Studio album by B'z
- Released: November 7, 1990
- Recorded: 1990
- Genres: Pop rock; new wave;
- Length: 47:37
- Label: BMG Victor/ZEZ
- Producer: Tak Matsumoto

B'z chronology
| Break Through (1990) | Risky (1990) | In the Life (1991) |

Singles from Risky
- "Easy Come, Easy Go!" Released: October 3, 1990; "Itoshii Hitoyo Good Night…" Released: October 24, 1990;

= Risky (album) =

Risky is the fourth studio album by the Japanese rock duo B'z. "Risky" sold 314,770 copies in its first week and 1,695,900 copies in total.
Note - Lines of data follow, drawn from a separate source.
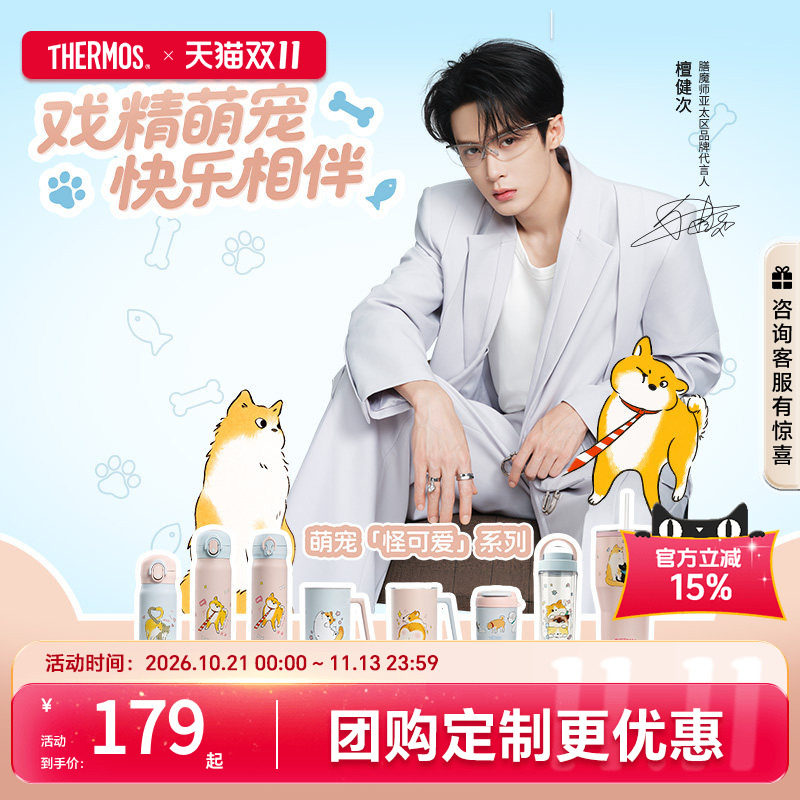 膳魔师保温杯萌宠系列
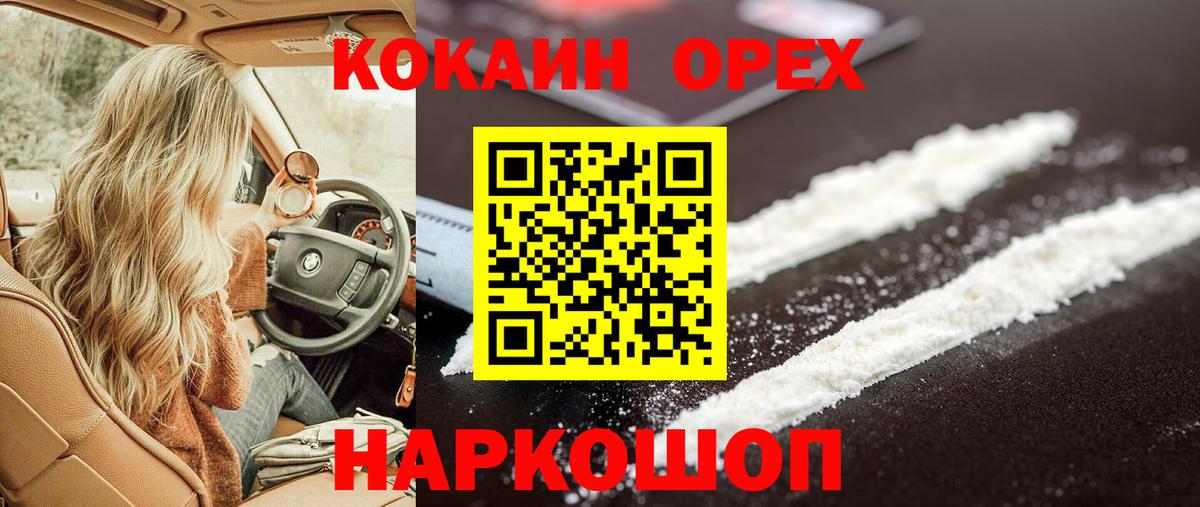 COCAIN FishScale Ржев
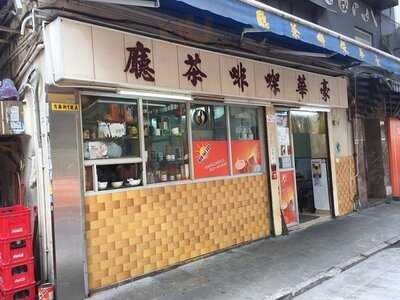 豪华咖啡餐厅 (湾仔)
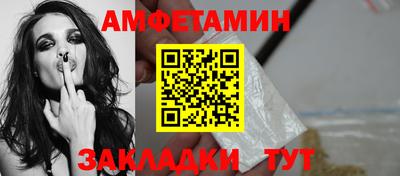 марихуана Свободный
It is the band's first studio album to break the million mark.

Risky was also the first of two collaborations with engineer Jason Corsaro, who has also worked with artists such as Duran Duran, The Power Station and Madonna.

The album spawned two singles, "Easy Come, Easy Go!" and "Itoshii Hitoyo Good Night…"

The album also produced the band's first (and, to date, only) official music video collection, Film Risky.

== Track listing ==

| No. | Title | Length |
|---|---|---|
| 1. | "Risky" | 1:24 |
| 2. | "Gimme Your Love -不屈のLove Driver-" (Gimme Your Love -Persistent Love Driver-) | 4:23 |
| 3. | "Hot Fashion -流行過多-" (Hot Fashion -Fashion Excess-) | 4:11 |
| 4. | "Easy Come, Easy Go! -Risky Style-" | 4:40 |
| 5. | "愛しい人よGood Night…" (Lovely One, Good Night…) | 6:13 |
| 6. | "Holy Nightにくちづけを" (A Holy Night Kiss) | 5:01 |
| 7. | "Vampire Woman" | 4:58 |
| 8. | "確かなものは闇の中" (Certainly Something in the Dark) | 4:18 |
| 9. | "Friday Midnight Blue" | 4:25 |
| 10. | "It's Raining…" | 4:58 |
| Total length: |  | 47:37 |

==Certifications==

| Region | Certification | Certified units/sales |
| Japan (RIAJ) | 2× Million | 2,000,000^{^} |
^{^} Shipments figures based on certification alone.